> Problem to work on
Starting with the first line below, extract each line through the one that contains "Ferienhäuser Costa Brava", inclusive, excluding pictures.

> Source material
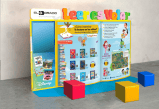 Abren espacios de lectura infantil en el aeropuerto El Dorado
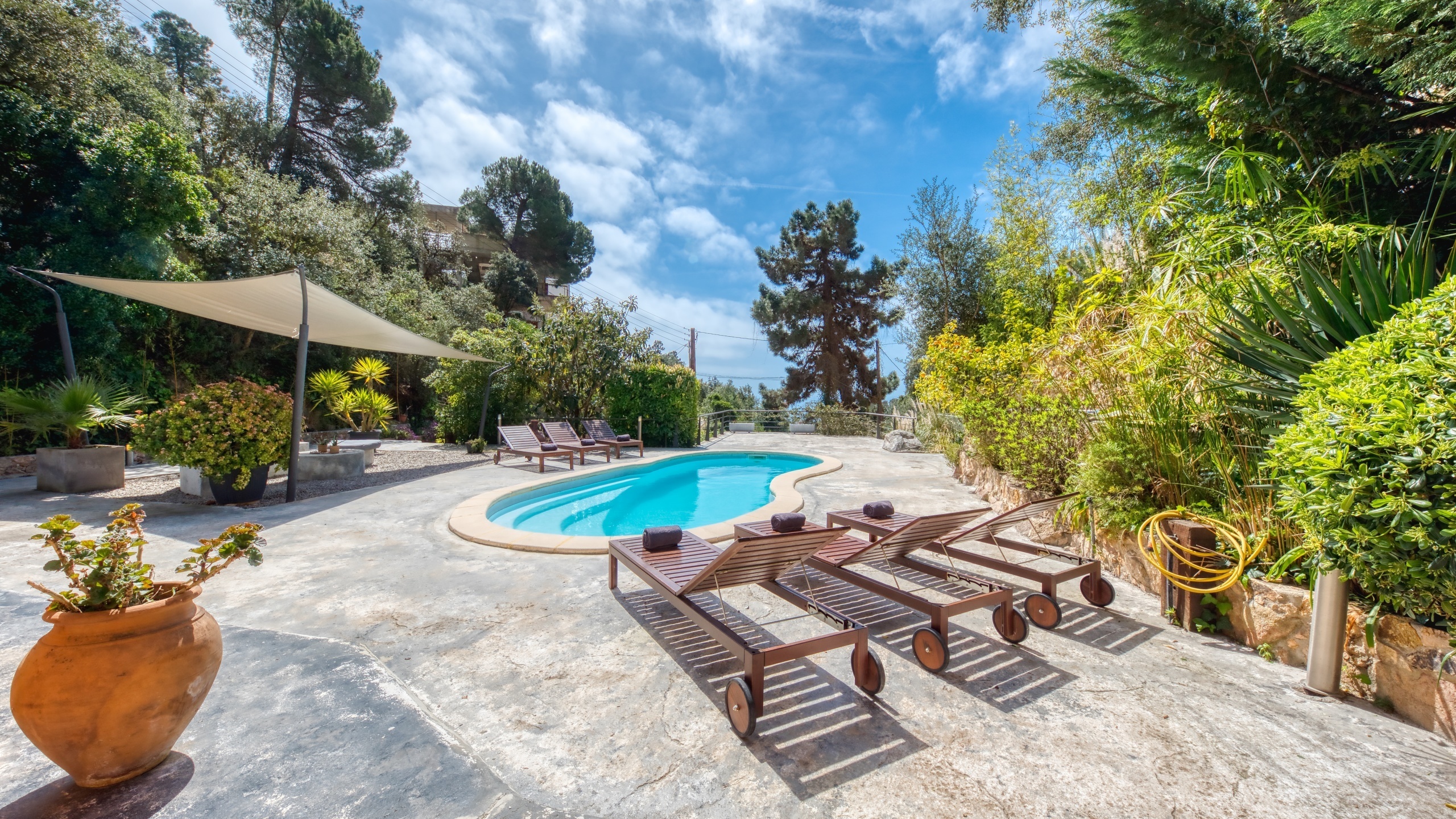 Ferienhäuser Costa Brava Spanien - Villa Olivia - Villa außen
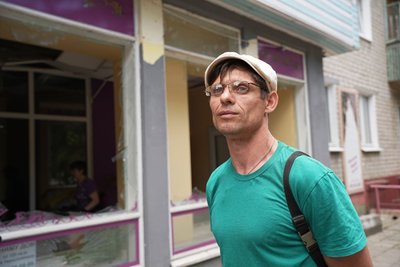 Зруйнований двома ракетами С-400 дитсадок у Чугуєві на Харківщині: фоторепортаж Зруйнований двома ракетами С-400 дитсадок у Чугуєві на Харківщині: фоторепортаж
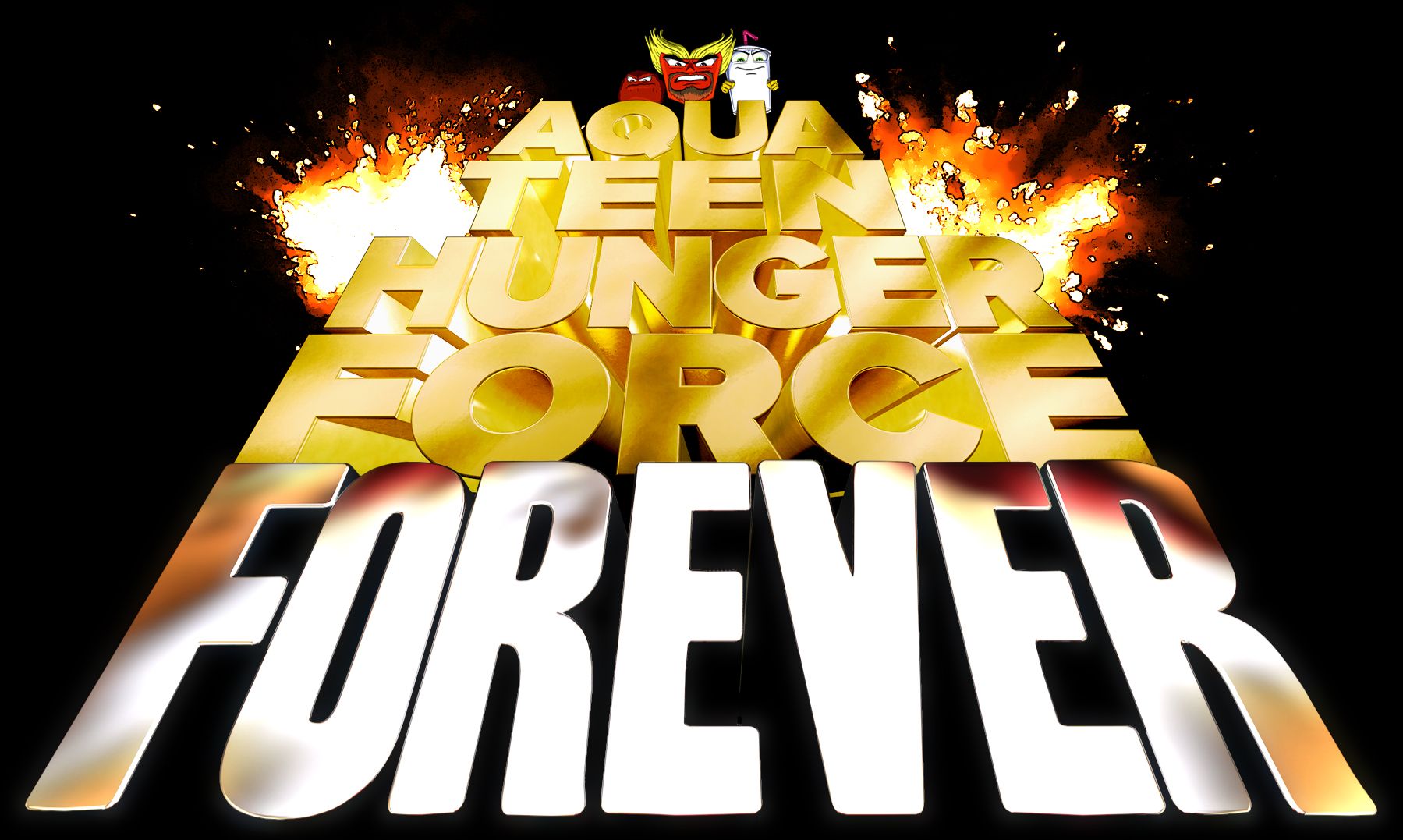 Aqua Teen Hunger Force Promo Art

> Expected answer
 Abren espacios de lectura infantil en el aeropuerto El Dorado
 Ferienhäuser Costa Brava Spanien - Villa Olivia - Villa außen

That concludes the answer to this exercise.